Got my Nikon D7000 for a month now. I really like it!
But i stumbled on a problem a few days ago. I got 2x 16GB Duracell 16GB Pro Photo 200x class 10 SDHC cards in it. And when i put the second one in i get the Err Card error.. 

I updated firmware version to 1.03 yesterday. And it seemed to work fine again. Until this morning.

What to do? I already formatted the card in the camera itself.

It doesn't give the error on the first card.

Kind regards  Me


Ps: I do not get this error all the time. When i reseat the card, it gets fixed temporarily


----------



## snowbear (Mar 6, 2012)

Do you have other cards to try?  Does it matter which card goes in each slot?


----------



## lexaniji (Mar 6, 2012)

snowbear said:


> Do you have other cards to try?  Does it matter which card goes in each slot?



I just put the card that gave the Error originally in the first slot and it tells me: For

So i dont think it depends in which slot the card is.

I do not have this problem with any other card.

Kind regards

***edit***

I just formatted the card with the camera it self.
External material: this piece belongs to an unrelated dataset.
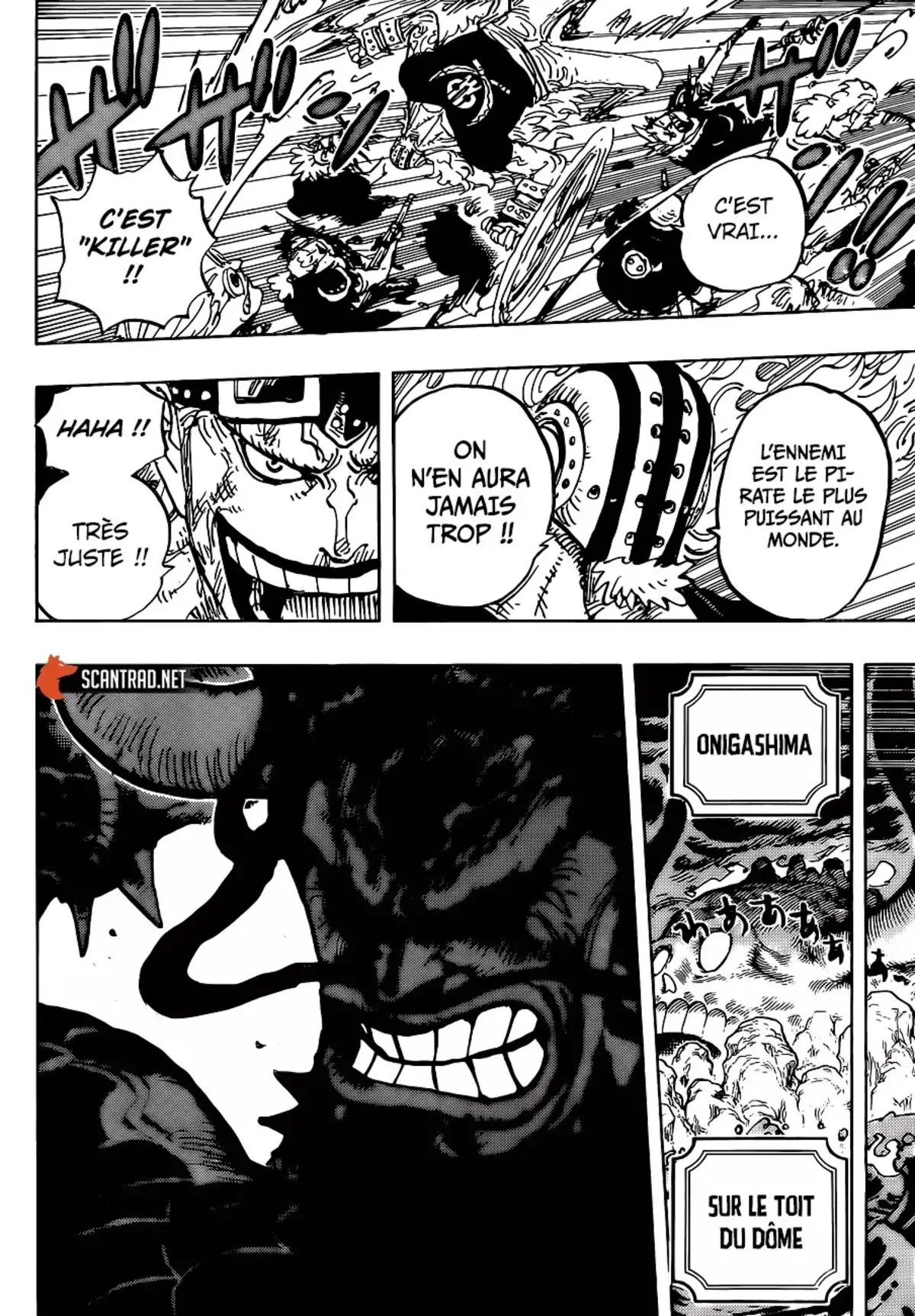 One Piece Chapitre 996 page 14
When i removed the lens cap (protecting hood) It told me again: Card Err.

Also, On the top info screen, there's no number in the second card. Usually it puts a '2' in it, when it's in the second slot.


----------



## rgregory1965 (Mar 6, 2012)

I had that happen once.....could not trip the shutter of anything....found out the card was not seated properly....


----------



## lexaniji (Mar 6, 2012)

rgregory1965 said:
			
		

> I had that happen once.....could not trip the shutter of anything....found out the card was not seated properly....
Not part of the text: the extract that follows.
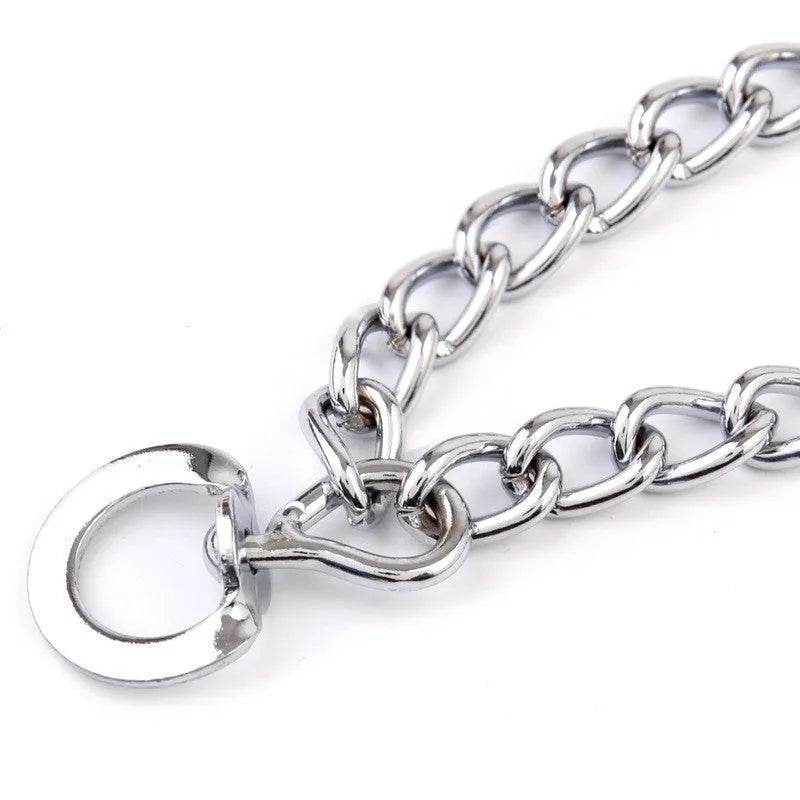 Dog training collar chain with protective sleeve and lead, Q195 iron, adjustable size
I see. Often when i reseat it it seems to work fine. But the info screen doesnt show a number in the card. So it looks like it doesnt recognize it

And when it seems to work fine. It keeps saying i can make like 300 pictures. Which is the same amount when only the first card is in. So its like it doesnt recognize it.


----------



## zx7dave (Mar 6, 2012)

Sounds like a short in the card..likely need a new or different card. Same thing happened to me...it was a bad card...brand new out of the box.


----------



## lexaniji (Mar 7, 2012)

zx7dave said:
			
		

> Sounds like a short in the card..likely need a new or different card. Same thing happened to me...it was a bad card...brand new out of the box.


 
Thats odd. I wouldnt know how it got broken. Since i barely took it out of the camera..


----------